Curbed Seattle asked co-founder Derrick Ko late last week about concerns, like those raised by mayoral candidate Cary Moon at Candidate Survivor, that private bike-share companies won’t maintain their bikes.
“No one’s going to use [the program] and we lose business” if the bikes don’t work, said Ko. “We’re incentivized [because] we get maximum revenue by ensuring people ride our bikes.”
At first, Spin is launching in the downtown area, Ko told us—but they’re interested in expanding into Seattle’s neighborhoods. “We're thinking about geographic equity from day one even before it's required [by the pilot],” Ko said.
Spin’s other co-founder Euwyn Poon told us at launch that they’re not strictly enforcing boundaries yet—they’re going to see where users are riding their bikes at first.

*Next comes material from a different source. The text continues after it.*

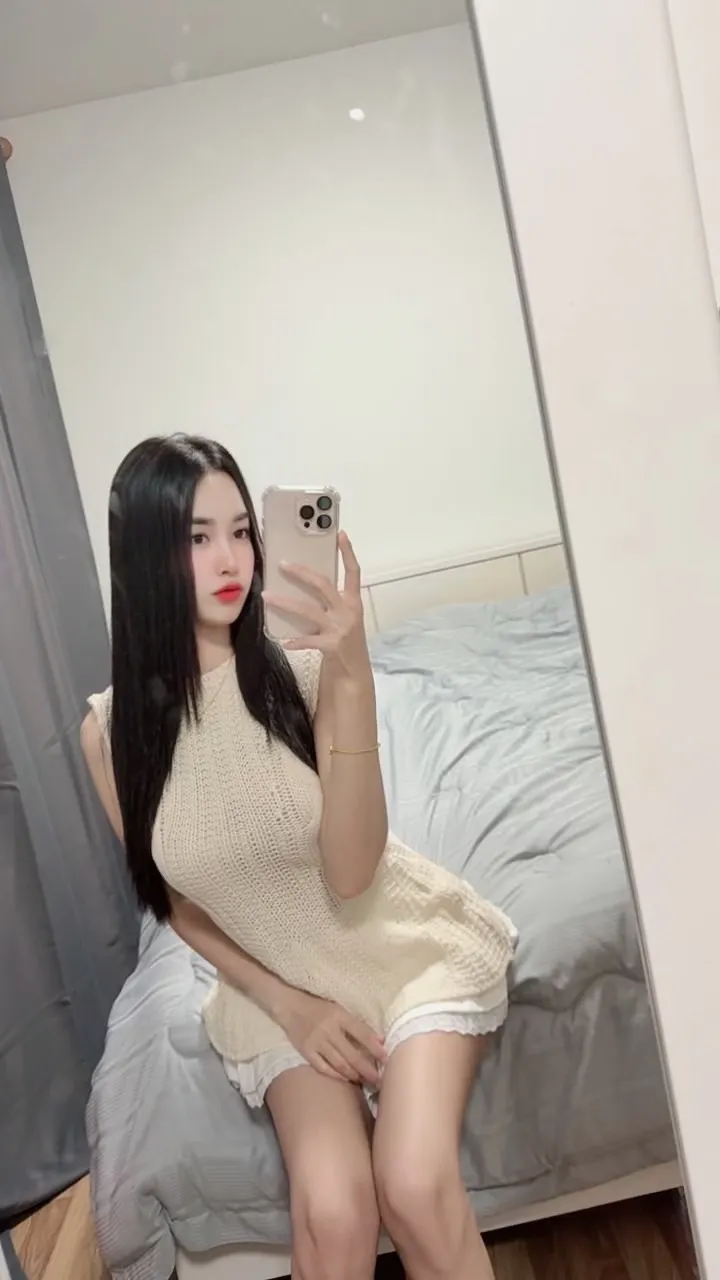 FAN4YOU - Content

When we first spoke with Spin in early June, Ko expressed an interest in rolling their bikes out to Columbia City and Rainier Valley. The dockless system, he said, gives them more of a chance to expand to different geographic areas “We can kind of scale up and scale down the deployment,” he said, depending on “what makes the most sense.”
At the time, Ko said they’re looking at multiple issues of equity: “Right now everything is run by smartphone,” he said. “How do you engage people who don’t have smartphones, or even credit cards? These are goals we are trying to achieve.”
For now, though, Spin bikes are unlocked with a smartphone app. And at least during the beginning of the pilot, when Spin is limited to 500 bikes, they’re placing bikes around the downtown core. In the pilot’s second month, they’ll be able to expand to 1,000, then 2,000 the next month.
At the 2,000-bike point, they’re beholden to some geographic equity standards, although they’re not the most robust—they require that 20 percent of service area include Tier 1 Priority Hire areas, which includes most of downtown.
Both LimeBike and Spin’s apps are available for download on iOS and Android.
This article has been updated with additional information.